Autonomic Nervous System- involuntary

- 2 Parts : Sympathetic & Parasympathetic NS

SYMPATHETIC NERVOUS SYSTEM

 Ganglia- collection of nerve bodies (Prevertebral Ganglia)

☆ Ganglia is subdivided into:

- Celiac (ganglion) – nerve bodies of neurons that will provide Sympathetic innervation to the
liver, stomach, & pancreas
- Superior Mesenteric – provide Sympathetic neurons that goes into the intestines & iliocecal
valve
- Aorticorenal – goes to the renal medulla and the kidney
- Inferior Mesenteric – to the colon, anal sphincters, ureters & some to the bladder
- Hypogastric plexus- goes to the genitalia, reproductive organs & to the bladder

Sympathetic Spinal Chain –

GANGLIA – Contain the cell bodies of Sympathetic neurons.

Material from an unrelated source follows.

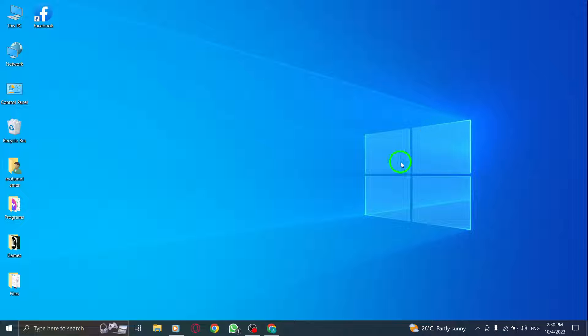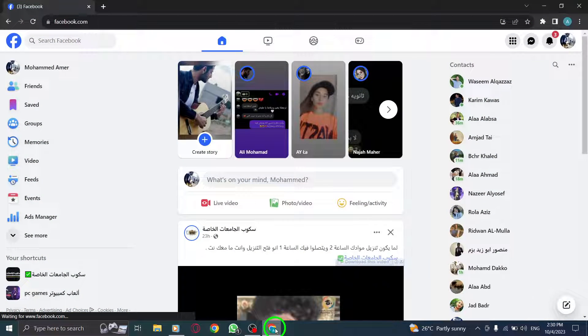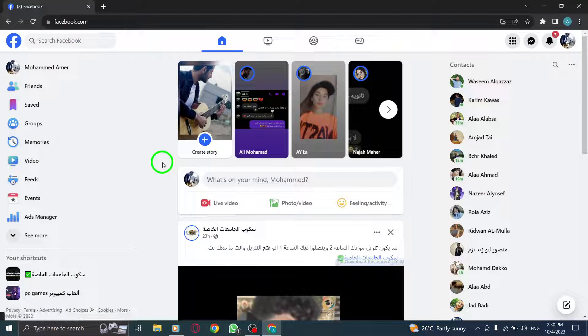Step 1. Open Facebook by launching your preferred web browser and visiting the Facebook website.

- Provide Sympathetic innervation to different organs

Nerves Extending from Ganglia- they will extend to the organs that they will innervate.

Sympathetic Nerve Fibers – originate in the spinal cord along with the spinal nerves between the
segments T1 & L2

○ first goes through Sympathetic chain -> Ganglion -> to the organs

PREGANGLIONIC & POSTGANGLIONIC SYMPATHETIC NEURONS

Each sympathetic pathway has 2 Types of Neurons:

o Preganglionic- neurons before the ganglion; cell bodies will lie in the intermediolateral horn of
the spinal cord. Its fibers will pass through the Ventral Root
o Postganglionic –neurons after the ganglion; cell bodies are found in the ganglion

Ventral Root – goes outward (motor)

Dorsal root – goes inward (sensory)

♧ After the spinal nerve leave the spinal canal -> Preganglionic Fibers will leave spinal nerve -> white
ramus -> Ganglia of sympathetic chain

♧ Preganglionic Fibers – can take one of the ff. Courses: either they

- Synapse IMMEDIATELY with Postganglionic sympathetic neuron in the ganglion that they enter
- Can enter ganglia but go down into another ganglia and synapse there (not immediately)
- Go out into a peripheral ganglion & synapse there

Postganglionic Neuron- originate either in the sympathetic chain ganglia or in the peripheral ganglia.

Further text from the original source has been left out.